EXERCISE:
The lines below that include "with" are to be found and copied.

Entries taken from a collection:
----------------
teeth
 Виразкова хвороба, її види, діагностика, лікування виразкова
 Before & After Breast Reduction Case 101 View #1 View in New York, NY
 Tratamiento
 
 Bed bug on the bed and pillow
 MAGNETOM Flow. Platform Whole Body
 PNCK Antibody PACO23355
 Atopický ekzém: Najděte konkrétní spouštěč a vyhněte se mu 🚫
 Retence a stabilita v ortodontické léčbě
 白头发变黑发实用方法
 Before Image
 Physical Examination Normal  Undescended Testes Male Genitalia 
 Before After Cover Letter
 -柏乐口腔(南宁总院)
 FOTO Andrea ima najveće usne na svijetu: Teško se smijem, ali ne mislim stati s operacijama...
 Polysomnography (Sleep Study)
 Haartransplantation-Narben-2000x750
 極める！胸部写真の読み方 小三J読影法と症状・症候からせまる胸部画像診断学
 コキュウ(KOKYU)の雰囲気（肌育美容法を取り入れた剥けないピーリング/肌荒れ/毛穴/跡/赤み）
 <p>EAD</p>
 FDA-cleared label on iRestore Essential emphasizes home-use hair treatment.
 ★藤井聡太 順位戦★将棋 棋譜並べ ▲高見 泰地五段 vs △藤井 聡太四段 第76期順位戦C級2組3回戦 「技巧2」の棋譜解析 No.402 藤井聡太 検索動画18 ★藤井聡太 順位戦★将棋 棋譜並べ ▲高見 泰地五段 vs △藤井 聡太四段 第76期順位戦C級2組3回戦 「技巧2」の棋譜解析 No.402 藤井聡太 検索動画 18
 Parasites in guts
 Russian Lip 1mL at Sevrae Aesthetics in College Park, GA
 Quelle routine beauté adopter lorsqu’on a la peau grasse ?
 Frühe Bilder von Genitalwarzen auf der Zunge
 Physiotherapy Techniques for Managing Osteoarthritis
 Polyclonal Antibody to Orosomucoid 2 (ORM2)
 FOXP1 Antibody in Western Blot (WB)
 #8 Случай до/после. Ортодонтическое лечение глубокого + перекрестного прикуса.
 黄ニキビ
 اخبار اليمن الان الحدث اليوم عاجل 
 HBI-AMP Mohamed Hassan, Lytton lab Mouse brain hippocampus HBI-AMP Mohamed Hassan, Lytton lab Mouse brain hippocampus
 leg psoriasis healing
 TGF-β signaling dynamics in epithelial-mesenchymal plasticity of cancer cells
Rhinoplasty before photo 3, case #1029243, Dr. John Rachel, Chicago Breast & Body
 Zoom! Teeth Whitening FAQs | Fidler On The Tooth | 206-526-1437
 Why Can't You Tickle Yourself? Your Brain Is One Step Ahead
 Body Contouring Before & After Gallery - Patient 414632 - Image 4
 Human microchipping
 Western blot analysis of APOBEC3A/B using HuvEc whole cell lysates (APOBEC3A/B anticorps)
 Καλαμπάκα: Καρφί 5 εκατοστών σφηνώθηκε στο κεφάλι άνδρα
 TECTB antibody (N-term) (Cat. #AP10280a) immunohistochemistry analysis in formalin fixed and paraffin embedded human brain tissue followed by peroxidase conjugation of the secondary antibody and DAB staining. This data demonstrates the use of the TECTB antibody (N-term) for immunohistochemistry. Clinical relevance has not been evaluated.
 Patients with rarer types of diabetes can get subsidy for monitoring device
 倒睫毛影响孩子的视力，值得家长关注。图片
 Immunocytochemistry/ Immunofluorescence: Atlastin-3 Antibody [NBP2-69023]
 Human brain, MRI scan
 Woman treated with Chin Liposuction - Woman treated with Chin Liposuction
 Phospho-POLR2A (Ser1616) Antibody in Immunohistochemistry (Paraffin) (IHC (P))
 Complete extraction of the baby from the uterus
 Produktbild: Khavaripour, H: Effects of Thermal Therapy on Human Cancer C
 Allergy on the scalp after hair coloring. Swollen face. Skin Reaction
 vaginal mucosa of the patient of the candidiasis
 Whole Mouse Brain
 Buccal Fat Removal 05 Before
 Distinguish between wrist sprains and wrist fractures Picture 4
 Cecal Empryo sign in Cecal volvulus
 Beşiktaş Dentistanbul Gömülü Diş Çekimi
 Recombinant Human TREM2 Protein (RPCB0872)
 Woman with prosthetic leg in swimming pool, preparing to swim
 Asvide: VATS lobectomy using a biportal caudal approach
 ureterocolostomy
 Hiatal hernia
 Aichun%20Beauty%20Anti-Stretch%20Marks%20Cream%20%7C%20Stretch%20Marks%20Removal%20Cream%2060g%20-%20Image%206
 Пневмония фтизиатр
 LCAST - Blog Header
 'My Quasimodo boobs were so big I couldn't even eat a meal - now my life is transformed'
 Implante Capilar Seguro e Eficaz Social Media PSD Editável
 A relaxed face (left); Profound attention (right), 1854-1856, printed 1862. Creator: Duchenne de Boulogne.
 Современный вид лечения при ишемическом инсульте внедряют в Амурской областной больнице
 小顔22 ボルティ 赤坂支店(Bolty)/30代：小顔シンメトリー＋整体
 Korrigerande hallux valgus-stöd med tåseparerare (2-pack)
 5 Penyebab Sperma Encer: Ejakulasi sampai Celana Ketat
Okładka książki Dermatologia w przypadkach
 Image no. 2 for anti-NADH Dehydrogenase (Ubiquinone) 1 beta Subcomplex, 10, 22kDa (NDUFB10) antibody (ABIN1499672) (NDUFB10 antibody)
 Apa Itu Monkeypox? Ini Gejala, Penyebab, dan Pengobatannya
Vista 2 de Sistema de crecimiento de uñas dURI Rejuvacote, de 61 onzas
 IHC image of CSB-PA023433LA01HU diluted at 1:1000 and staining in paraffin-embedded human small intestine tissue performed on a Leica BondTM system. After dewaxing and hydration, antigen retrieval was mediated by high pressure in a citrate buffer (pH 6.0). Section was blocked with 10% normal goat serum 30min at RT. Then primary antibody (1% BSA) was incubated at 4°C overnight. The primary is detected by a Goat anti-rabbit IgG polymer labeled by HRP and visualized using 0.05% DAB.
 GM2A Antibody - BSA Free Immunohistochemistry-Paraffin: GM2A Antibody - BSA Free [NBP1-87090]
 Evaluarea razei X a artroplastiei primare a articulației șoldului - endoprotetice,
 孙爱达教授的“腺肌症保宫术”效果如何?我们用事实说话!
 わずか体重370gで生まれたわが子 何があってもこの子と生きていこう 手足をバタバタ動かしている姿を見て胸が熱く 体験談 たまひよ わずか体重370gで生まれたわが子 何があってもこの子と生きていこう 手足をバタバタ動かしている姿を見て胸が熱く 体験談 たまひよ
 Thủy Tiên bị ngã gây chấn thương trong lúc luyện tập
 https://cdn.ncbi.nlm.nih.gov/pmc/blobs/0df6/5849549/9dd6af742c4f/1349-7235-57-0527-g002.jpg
----------------
OUTPUT OF THE TASK:
 Patients with rarer types of diabetes can get subsidy for monitoring device
 Woman treated with Chin Liposuction - Woman treated with Chin Liposuction
 Woman with prosthetic leg in swimming pool, preparing to swim
 IHC image of CSB-PA023433LA01HU diluted at 1:1000 and staining in paraffin-embedded human small intestine tissue performed on a Leica BondTM system. After dewaxing and hydration, antigen retrieval was mediated by high pressure in a citrate buffer (pH 6.0). Section was blocked with 10% normal goat serum 30min at RT. Then primary antibody (1% BSA) was incubated at 4°C overnight. The primary is detected by a Goat anti-rabbit IgG polymer labeled by HRP and visualized using 0.05% DAB.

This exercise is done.